I did a lot of stitching this week, since we don't have any litigation going to trial in the next few weeks at work, which means I get to take lunch and leave on time, leaving a lot more time for stitching. Mary Ann Hoover. Mary Ann's colors are a tad gloomy, so I switched out to something brighter, which is what brought me back to Janet Gibson.
Look what arrived in the mail all the way from Canada! (The Essamplaire). Lady Needlework! Tom decided I needed to stitch her. No small understaking, our lady!
Here's a closeup (from the large 2-page stitching photo) of her face and the serpent twining around her wrist. While it's an unknown symbol of something, I can guess that it's the needlework serpent, which has us under its spell. Needlework serpent also makes a pretty nifty thread snip. Speaking of thread, there are approximately 55 colors of AVAS included in the kit.
The daunting part: probably 50% of this picture is done in queen stitches. Queen stitches make up the ground, most of the flowers, the bugs and the trees. The sky is stitched in a diamond satin pattern. The lady, the castle, the uncorn and the lion, as well as some other small elements, are stitched in tent or continental stitch, over one. In fact, all of the squares on the chart represent one thread, not two. I'm thinking of converting the pattern over-two using counted cross for all but a few of the flowers.
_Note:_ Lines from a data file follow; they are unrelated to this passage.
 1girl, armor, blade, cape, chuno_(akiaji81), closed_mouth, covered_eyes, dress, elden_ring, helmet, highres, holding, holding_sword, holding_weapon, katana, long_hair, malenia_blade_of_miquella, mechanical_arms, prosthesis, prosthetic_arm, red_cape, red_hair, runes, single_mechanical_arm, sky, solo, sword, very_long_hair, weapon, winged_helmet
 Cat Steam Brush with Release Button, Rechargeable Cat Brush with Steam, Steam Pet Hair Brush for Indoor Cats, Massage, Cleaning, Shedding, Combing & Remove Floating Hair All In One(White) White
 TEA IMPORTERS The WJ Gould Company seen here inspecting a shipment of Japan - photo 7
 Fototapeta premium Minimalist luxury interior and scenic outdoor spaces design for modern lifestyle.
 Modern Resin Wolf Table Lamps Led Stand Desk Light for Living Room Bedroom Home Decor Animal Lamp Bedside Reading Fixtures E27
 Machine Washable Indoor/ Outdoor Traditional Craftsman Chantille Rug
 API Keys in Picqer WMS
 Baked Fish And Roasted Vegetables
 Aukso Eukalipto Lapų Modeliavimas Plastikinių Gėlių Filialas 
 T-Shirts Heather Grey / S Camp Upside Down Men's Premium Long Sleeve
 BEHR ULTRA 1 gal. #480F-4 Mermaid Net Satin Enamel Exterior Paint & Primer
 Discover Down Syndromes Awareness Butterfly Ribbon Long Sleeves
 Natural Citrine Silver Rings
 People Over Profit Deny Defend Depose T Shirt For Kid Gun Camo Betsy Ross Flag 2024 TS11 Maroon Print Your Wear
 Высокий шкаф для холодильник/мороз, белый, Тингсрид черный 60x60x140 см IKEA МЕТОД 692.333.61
It will spoil some of the nice texture, but it might save my sanity. It will also double the size of the finished picture (currently 15.5 x 13.75"). I've been griping about the size of my finished designs, since I have so many bare walls, and stitching on 40 count means that even the largest, most elaborate project turns out too small to be anything but part of a group for impact.
Stitching flair: mica! The mica is cut and shaped to fit the windows of the castle in the background, then they are stitched into place. Fun but nerve-wracking, since the mica flakes and crumbles easily.